ASSIGNED TASK – Pictures are to be left out. Return exactly the lines below from the one with "Arcadia, MI 49613" up to and including the one with "Black button up".

RECORD EXCERPTS –

══════════

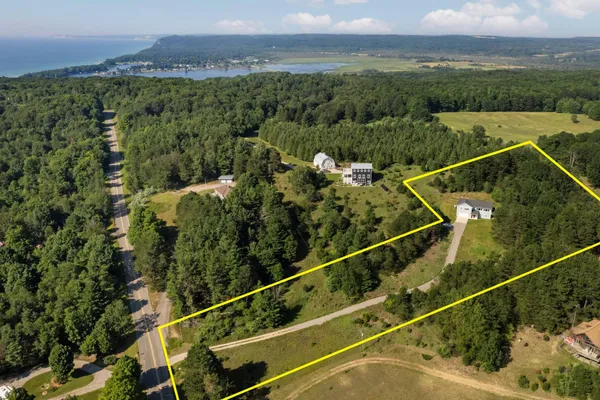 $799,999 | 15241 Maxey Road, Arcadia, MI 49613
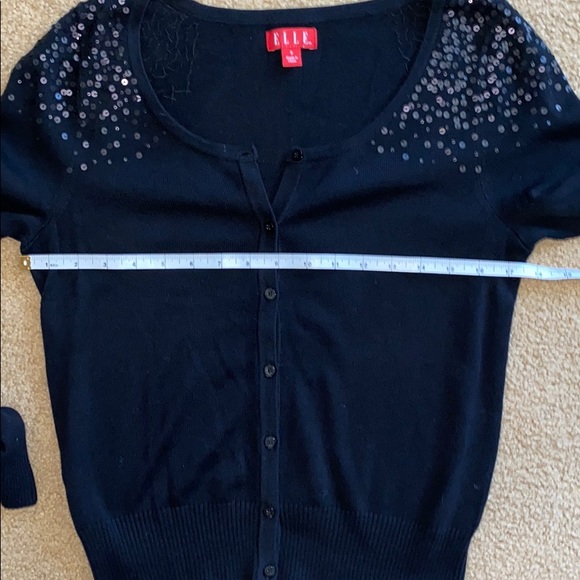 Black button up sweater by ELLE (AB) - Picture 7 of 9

══════════

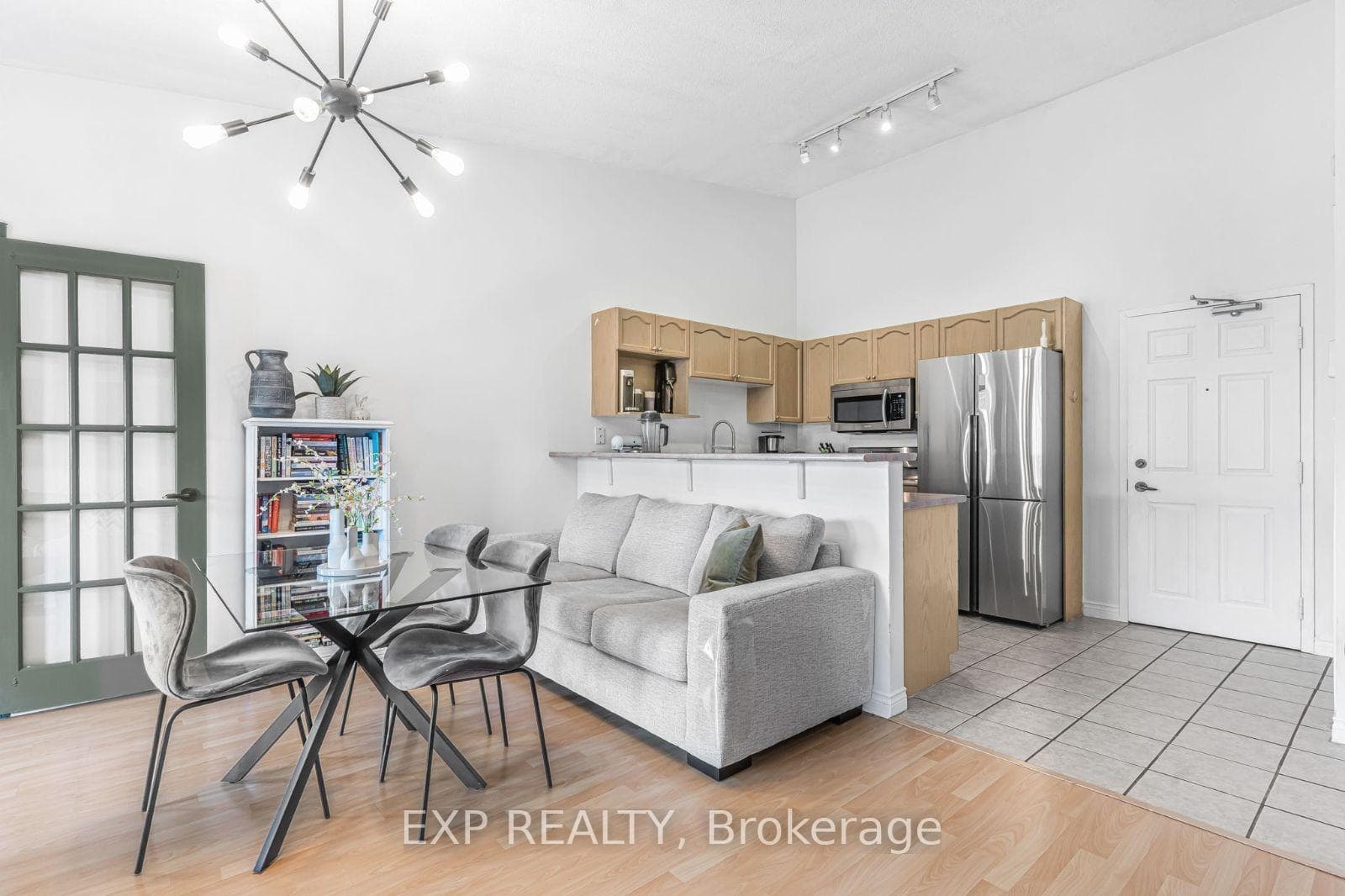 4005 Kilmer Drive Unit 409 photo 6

══════════

PROBLEM SOLUTION –
 $799,999 | 15241 Maxey Road, Arcadia, MI 49613
 Black button up sweater by ELLE (AB) - Picture 7 of 9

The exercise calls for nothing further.